Sejarah Desain Grafis Di indonesia


Perkembangan desain di Indonesia di mulai pada tahun 1970, dimana pada saat itu telah terjadi peristiwa yang diberi nama Desember Hitam, peristiwa ini pecah di penghujung tahun 1974. Desember Hitam muncul karena adanya gelombang protes terhadap pemberian penghargaan pemerintah kepada lima pelukis, yang karyanya dikritisi sebagai bercorak ragam sama (seragam) yaitu dekoratif, dan lebih mengabdi kepada kepentingan ‘konsumtif’. 
Gerakan Desember Hitam adalah awal terbentuknya gerakan seni rupa baru GSRB pada tahun 1975, GSRB memiliki pemahaman bahwa kesenian tidak harus dikategorikan menurut jenjang, ada kesenian kelas wahid dan ada kesenian kelas bawah (amatir). GSRB menolak batasan antara seni murni dan seni terap, dan semua fenomena kesenian termasuk desain pun dianggap sederajat.
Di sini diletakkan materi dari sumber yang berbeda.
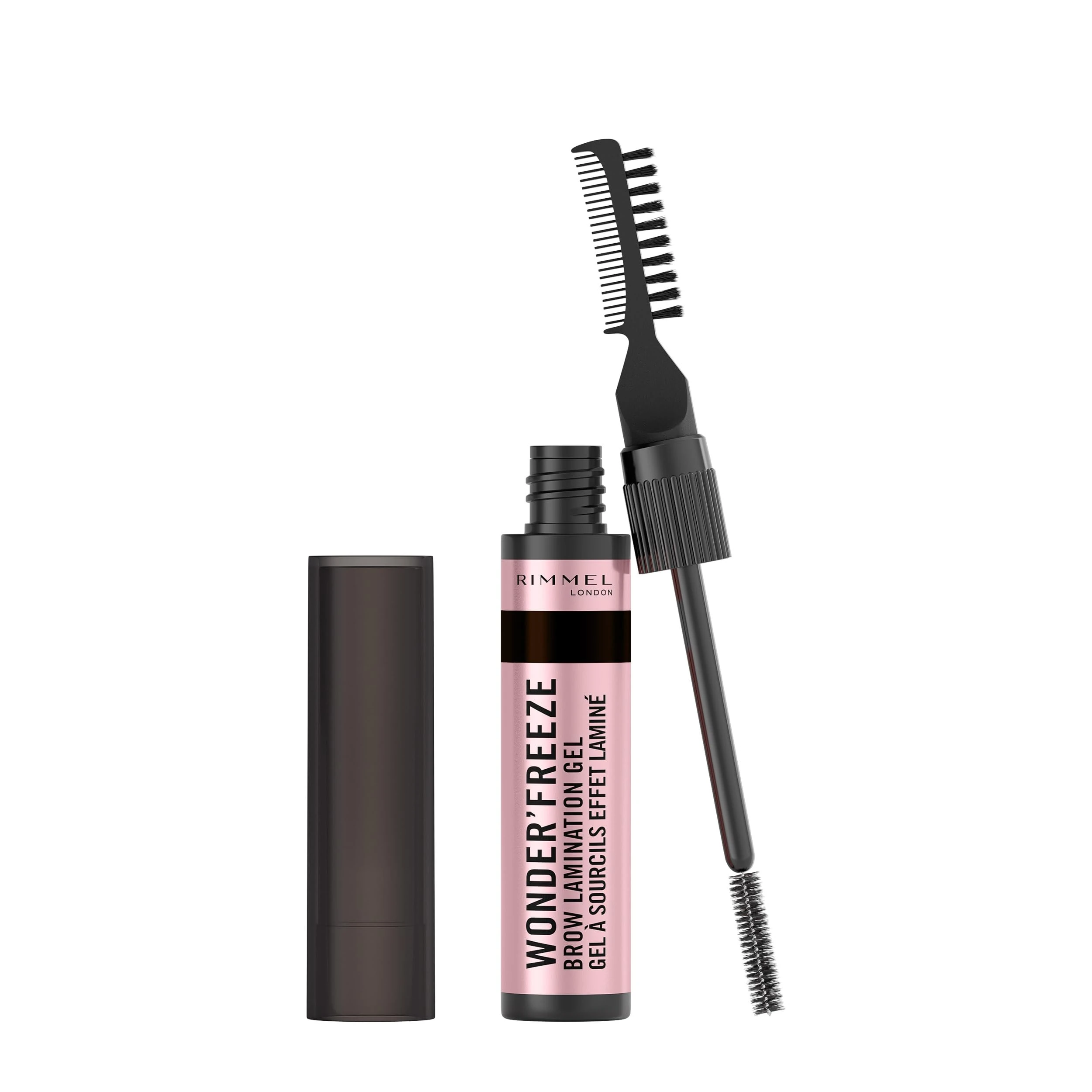 Rimmel Wonder'Freeze Brow Lamination Gel 004 Dark Brown, Sculpt Shape Set Brows One, All Day Hold, Flake-Free, Naturally Fluffy Looking Brows, Dual Comb and Brush, Smudge Proof, Cruelty Free, Vegan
Sepanjang perjalanannya (1975-1979, 1987), eksponen GSRB yang juga desainer grafis tercatat antara lain FX Harsono, Syahrinur Prinka (1947-2004), Wagiono Sunarto, Priyanto Sunarto, Gendut Riyanto (1955-2003), Harris Purnama dan Oentarto.
Organisasi desain grafis pertama di Indonesia, sepanjang tahun 1970 bermunculan perusahaan desain yang sepenuhnya dipimpin oleh desainer grafis, namun perbedaannya pada masa itu adalah biro-biro ini memfokuskan diri pada desain non-iklan dan semuanya berlokasi di Jakarta, berikut adalah beberapa biro desain tersebut  : 

Vision (Karnadi Mardio), Grapik Grapos Indonesia (Wagiono Sunarto, Priyanto Sunarto, S Prinka), Citra Indonesia (Tjahjono Abdi, Hanny Kardinata) dan GUA Graphic (Gauri Nasution). Dan pada dekade berikutnya, di Jakarta muncul antara lain Gugus Grafis (FX Harsono, Gendut Riyanto), Polygon (Ade Rastiardi, Agoes Joesoef), Adwitya Alembana (Iwan Ramelan, Djodjo Gozali), Headline (Sita Subijakto), BD+A (Irvan Noe’man), dan di Bandung: Zee Studio (Iman Sujudi, Donny Rachmansjah), MD Grafik (Markoes Djajadiningrat), Studio “OK!” (Indarsjah Tirtawidjaja) dan lain-lain.